Oh what a roller coaster I have been on the last few weeks. Water in the basement, brakes failing on the car, sewer line repair work, new job, truck that won't run, death of a good friend, fired from a job, sick dog - I am sure there is more but you get the idea. It seems like every day something else "bad" happens. Bad might be too strong a word but life hasn't been it's usual smooth sailing style lately.
To add to the mix, I am still doing a 90 day weight loss challenge and to my dismay the pounds aren't just melting off (like they do on Biggest Loser!!!) So I met with the train for a quick 5 minute check in and asked for some strategies to get the weight loss going. He praised me for my dedication and the fact that I am a work horse - I just keep plugging through my workouts. And therein lies my problem. I don't jump start my body at any time. I have never tried the interval training idea. I just like to challenge myself in time/pounds/miles. So he suggested that I start interval training a couple of days a week to "shock my body".
That suggestion got me wondering if that is what God is doing to my Faith and my Spirit. Time to shock them a little - shake things up. I love how my Faith has grown during this journey but perhaps I have fallen into a rut of sorts. Am I stuck praying for the same people? Have I been actively looking for new opportunities to minister to others? Have I decided that I am good enough where I am at? Well Yes, No and Yes - I guess. I do have family and friends that I pray for on a regular basis. But what is to stop me from picking random people to pray for - or to seek those who might be in need of prayer? I have been so wrapped up in the negative things that have been happening to me that I have not made that conscious effort to seek new ways to minister to others. And yes I think I have become comfortable where I am at - my life seemed just peachy a few weeks ago.

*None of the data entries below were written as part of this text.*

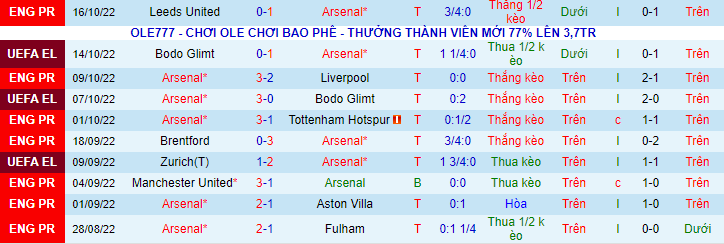 Nhận định, so kèo Arsenal vs PSV, 0h ngày 21/10 - Ảnh 1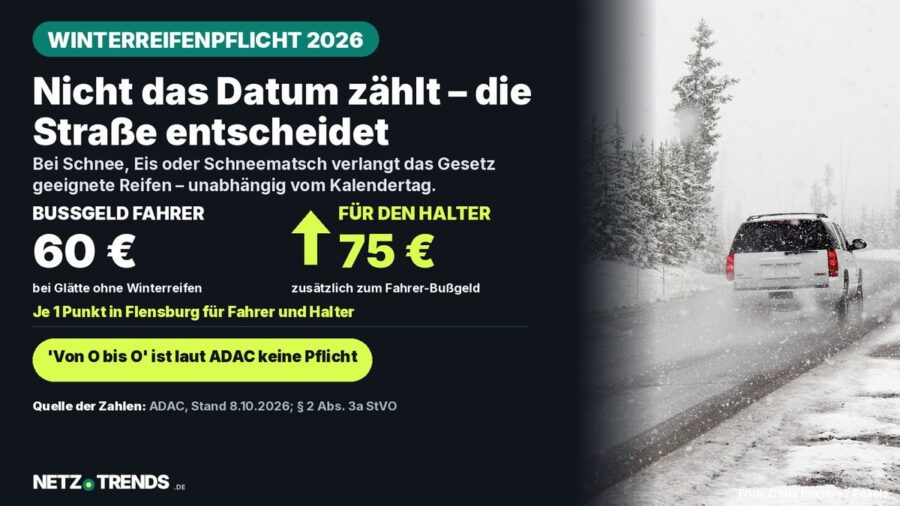 Aufmacher-Karte: Winterreifenpflicht 2026 – 60 Euro Bußgeld für Fahrer, 75 Euro für Halter bei Glätte ohne Winterreifen, daneben ein Auto auf winterlicher Straße im Schneetreiben.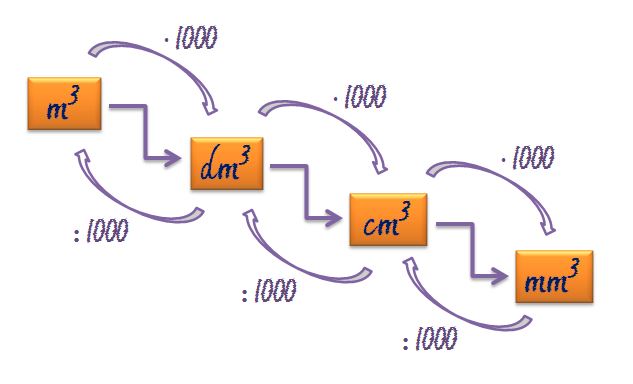 Gráfico con las operaciones para pasar a submúltiplos del metro cúbico. 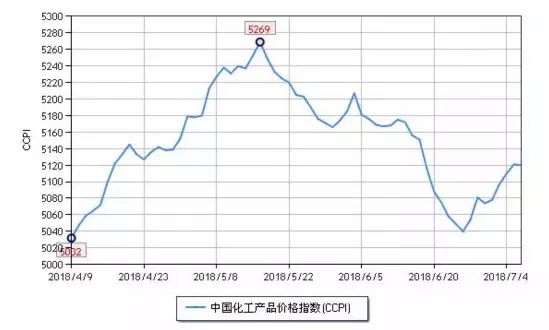 化工市場(chǎng)持續(xù)反彈，新一波漲價(jià)潮來(lái)勢(shì)洶洶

So God - in His infinite wisdom - is shaking up my life for me. And honestly - it hasn't been horrible. Yes I have grumbled more than I would like, cried more than I would like, felt anger and frustration that perhaps weren't exactly justified. But when I look over all that has happened the last few weeks - it could have been a lot worse. I suppose Dana and I will be pinching pennies a little tighter for a few more months to cover the expenses that have come up but we will get through just fine.
On the day we found out about the cost of the sewer work, I was given a job at school for the rest of the year. Not a job I was thrilled to have - but an obvious sign that God was giving me the opportunity to earn some money to pay that bill. And perhaps work in a young girls life in a positive manner. Dana has been given many opportunities to work overtime lately - that will help. Unfortunately I was "laid off" from one of my jobs this week. As nice as it would be to have that money still coming in - the stress of working three part time jobs right now with Dana's schedule and overtime was really starting to wear on me. So how can I not believe that God had a hand in giving me the opportunity for a little "Shari/Sheba Time - or sanity time".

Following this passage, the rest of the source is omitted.